Great stuff. I love to see wood like this used instead of consigned to eternity in the dump. I wish I was better at identifying different types of wood, but I plan to work on it. That way I can be more effective at grabbing stuff I can use before it gets wasted.


----------



## landman (Sep 1, 2013)

Picked up the remainder of the "box elder" today and deposited it with the rest at "The Forge". The Forge is a club for retirees which has a fully equipped woodworking and welding shop where codgers without shops go to putter. They also have a mill and they'll saw up my storm wood. Turns out my box elder is a willow. There was boxelder branches nearby which misled me. One log has a few leaves on and it definitely is a willow. I'm cutting it up anyway. Can't use it in anything structural but it'll make great inlays, drawer fronts, stuff like that or very small boxes.


----------



## del schisler (Nov 5, 2009)

landman said:


> Picked up the remainder of the "box elder" today and deposited it with the rest at "The Forge". The Forge is a club for retirees which has a fully equipped woodworking and welding shop where codgers without shops go to putter. They also have a mill and they'll saw up my storm wood. Turns out my box elder is a willow. There was boxelder branches nearby which misled me. One log has a few leaves on and it definitely is a willow. I'm cutting it up anyway. Can't use it in anything structural but it'll make great inlays, drawer fronts, stuff like that or very small boxes.

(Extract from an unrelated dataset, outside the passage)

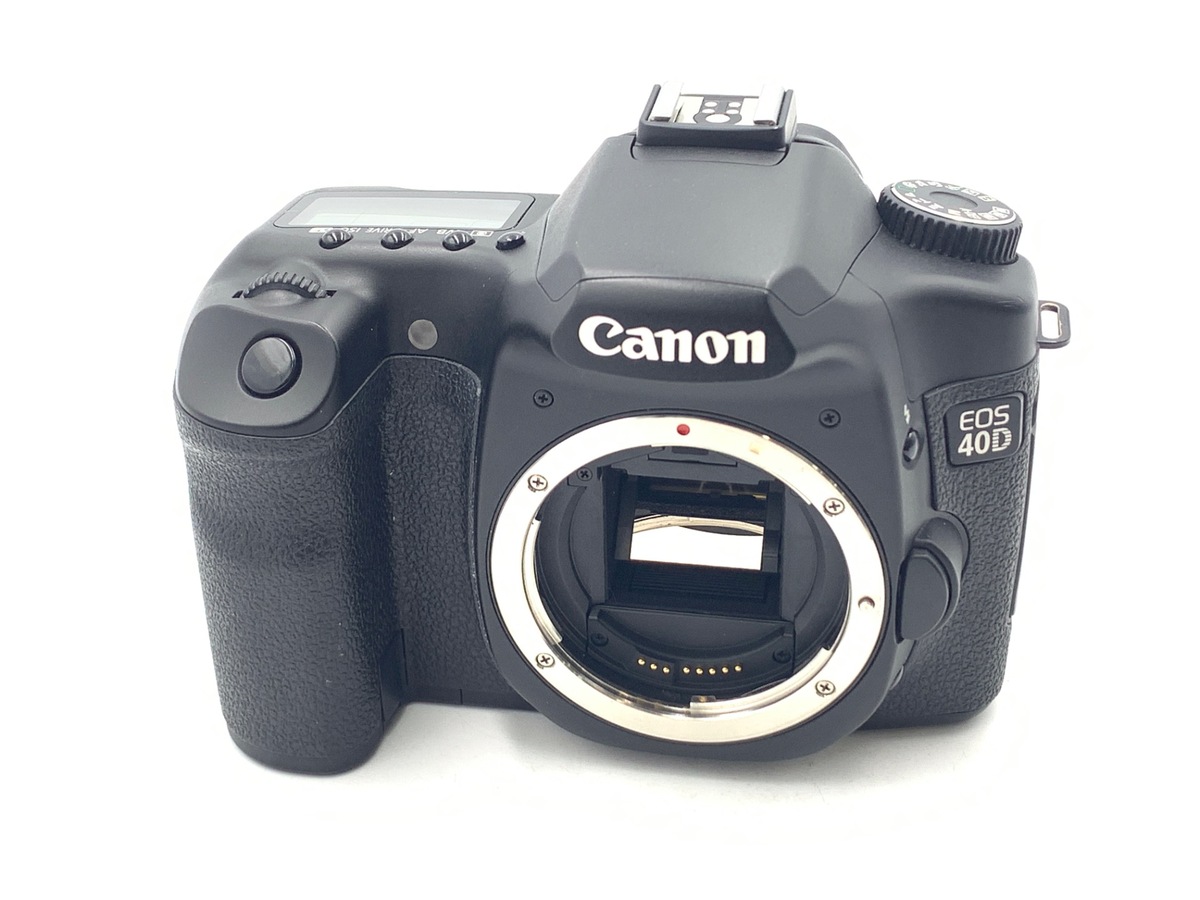 中古：AB(良品)】キヤノン EOS 40D ボディ | 2445300057237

the leves don't look like willow to me ? weeping willow ? i don't remember any bud's in the middle of the 3 leves's , willow wood will be light brown if i remember right , nice wood , also the bark ? i could be wrong , mite be hickberry ? any way it is free , that is the best kind, hackberry will be a whitesh wood. good luck


----------



## Post Oakie (Aug 20, 2013)

Whatever they are, you've got some nice boards. It is great that you have a place to mill them. How do you plan to dry them? Good luck with your projects.


----------



## landman (Sep 1, 2013)

Post Oakie said:


> Whatever they are, you've got some nice boards. It is great that you have a place to mill them. How do you plan to dry them? Good luck with your projects.


 
The Elm and the Maple will be stacked with spacers somewhere in the garage. The "willow" will be strapped with spacers and stored inside too. In a couple of years, if I'm still around, I'll do something with it.


----------



## landman (Sep 1, 2013)

She's all sawed up folks! They wanted $50, I gave them 70.


----------



## Old Air Force (Jan 14, 2013)

Nice looking wood. That's got to be considered some kind of bargain.


----------



## landman (Sep 1, 2013)

Old Air Force said:


> Nice looking wood. That's got to be considered some kind of bargain.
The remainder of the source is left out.